The new Halloween film is set to scare up a ton of cash when it debuts this weekend. 

Industry analysts have begun their box office predictions for films opening in the U.S. on Friday, October 19, and they've pinned director David Gordon Green's Halloween reboot as earning between $57 million and $65 million during its first three days out. Variety notes that while studio Universal Pictures is "cautiously anticipating" the film pulling in about $50 million, a bit less than even the low end of tracking estimations, insiders believe that the reboot may actually earn $70 million or more in domestic theaters from Friday to Sunday. 

If Halloween only ends up reaching the $50 million mark Universal is expecting it to, the film would still break a huge record: the biggest opening for a movie in the Halloween franchise. The current holder of that record is the Rob Zombie-directed Halloween reboot, which earned $26.3 million when it debuted in August 2007. Zombie's 2009 sequel Halloween II scored the second-best opening weekend with $16.3 million, and the 1998 flick Halloween: H20 sits in third place with a $16.2 million debut. Universal's $50 million estimate is conservative compared to analysts' $65 million-plus expectations, but that take-home would see the new Halloween earn nearly double what Zombie's reboot did 11 years ago, demolishing the record for the best opening in the history of the Halloween film series in the process.

Regardless of exactly how much Halloween yields at the box office, it will turn an enormous profit. Universal and Blumhouse Productions made the film on a slim budget of just $10 million. The movie will easily recoup the cost of production, potentially in its Thursday night preview earnings alone, and pocket tens of millions of dollars in surplus before the end of the day on Sunday. 

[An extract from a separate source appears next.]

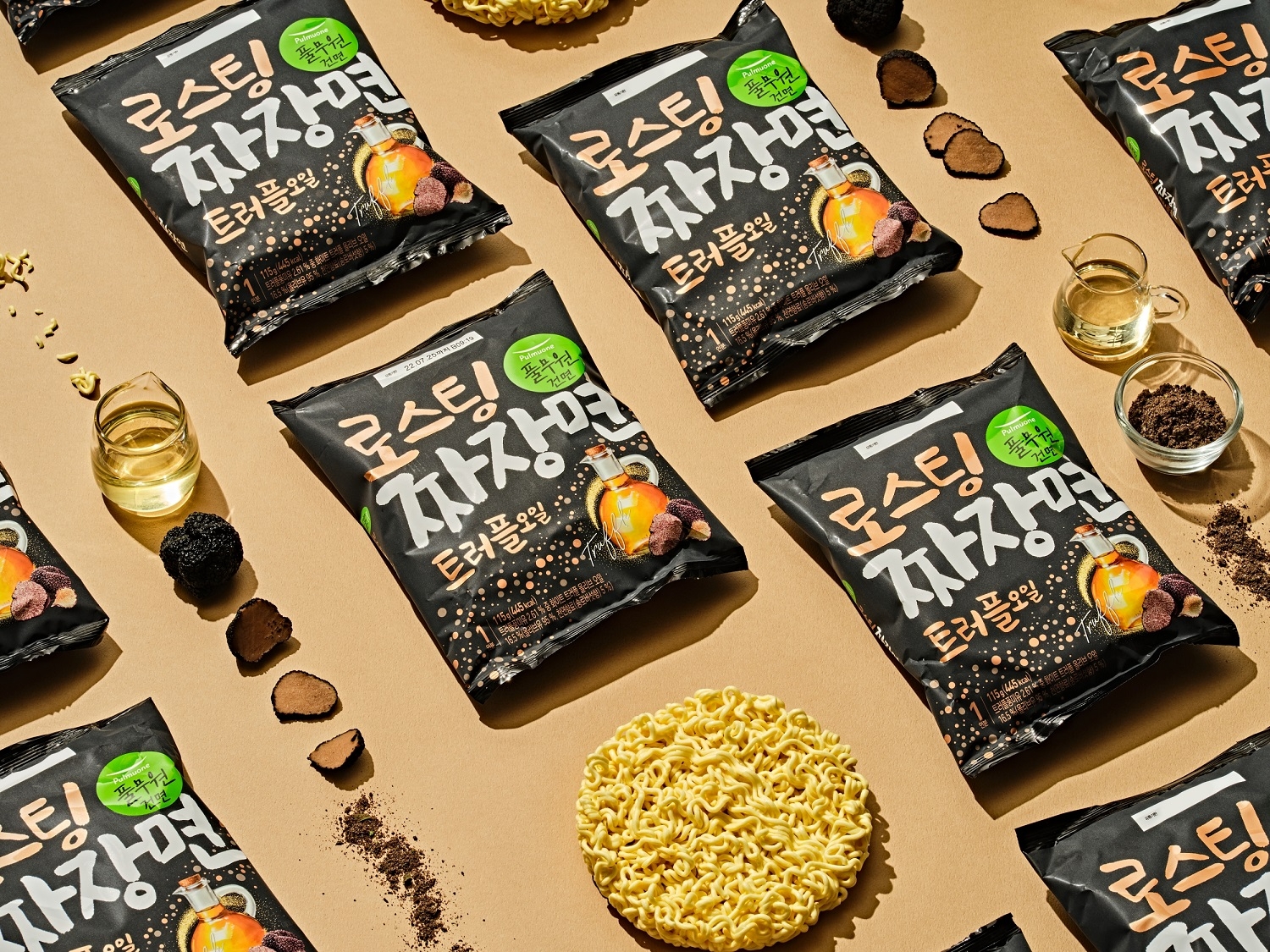 풀무원 ‘로스팅 짜장면 트러플오일’ 출시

Additionally, Halloween will likely to dominate the box office when it debuts, since its has no true competition. The Melissa McCarthy-led crime film Can You Ever Forgive Me?, the Jake Gyllenhaal-starring coming-of-age pic Wildlife, and Jonah Hill's directorial debut Mid90s are all opening the same day Halloween is, but they aren't receiving wide releases, at least not to start. While larger feature films Venom, Bad Times at the El Royale, First Man, and A Star Is Born would theoretically pose a threat to HalloweenVenom will have been out for two weeks by the time Halloween launches and already had its time in the spotlight, and the Drew Goddard-directed thriller Bad Times at the El Royale, the Damien Chazelle-helmed space drama First Man, and the Bradley Cooper-Lady Gaga musical romantic drama A Star Is Born all attract much different crowds than Halloween does. Those four flicks probably won't steal away any viewers wanting to see Halloween

Reboots tend to flounder at the box office, and the Halloween franchise has been more tricks than treats in the past few years, so it's great to hear that the new Halloween is expected to do extremely well upon its debut. It shouldn't come as a huge surprise, though, since director Gordon Green and screenwriter Danny McBride have seemingly created something something quite special with Halloween. The reboot will ignore the less-than-fantastic sequels that followed John Carpenter's original Halloween from 1978, will "bring back the creep factor" from the first film, and will portray the masked murderer Michael Myers as a real-life monster rather than an unkillable entity with supernatural powers. 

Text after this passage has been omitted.